Shoprite looked really clean.. Great Job Nick.. How long were you out.. I, somehow, got stuck pushing a large amount of snow into a large pile.. Was that Green Lane in one of the pics.. I figured that would be an ice rink... Again, great pics..


----------



## Lux Lawn

45 inches in 5 days is a lot of snow. There is no way you can keep up with that. 
My customers would be calling all the time. Thing is you plow the drive and 10 minutes later they have another 2 inches in it.

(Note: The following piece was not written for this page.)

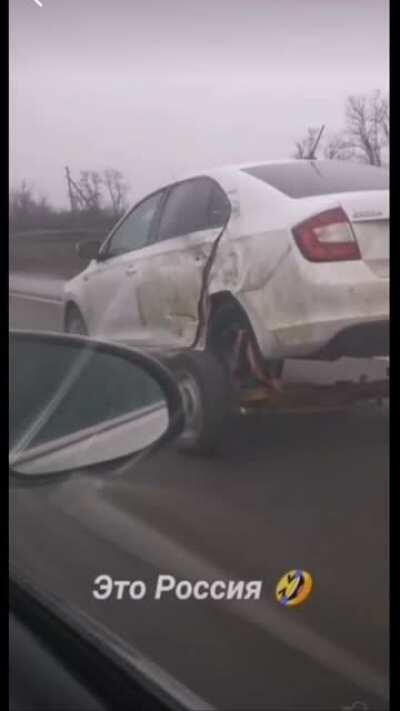 Rear axle broken? No problem.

How did you do with complaints?
Do you do residential & commercial?
Good work.


----------



## jgibbons

nicksplowing;1007642 said:


> more pics


is that second pic from the bottom from City Ave? looking at St. Charles Seminary?


----------



## jeffslawnservic

Better get ready for Thursday they are calling for a relatively "smaller storm" than what we are now used to lol. Your nephew lou has a pretty nice looking plow truck now.


----------



## MileHigh

the pics of the Parking Garage are Awesome...

I love parking garages...accumulate snow when others are just melting it.

I want to specialize in doing parking garages.


----------



## Grn Mtn

BladeScape;1011799 said:


> the pics of the Parking Garage are Awesome...
> 
> I love parking garages...accumulate snow when others are just melting it.
> 
> I want to specialize in doing parking garages.


we had one collapse because the snow was pushed to all one corner


----------



## J&R Landscaping

Nice pics Nick! This winter has been awesome!


----------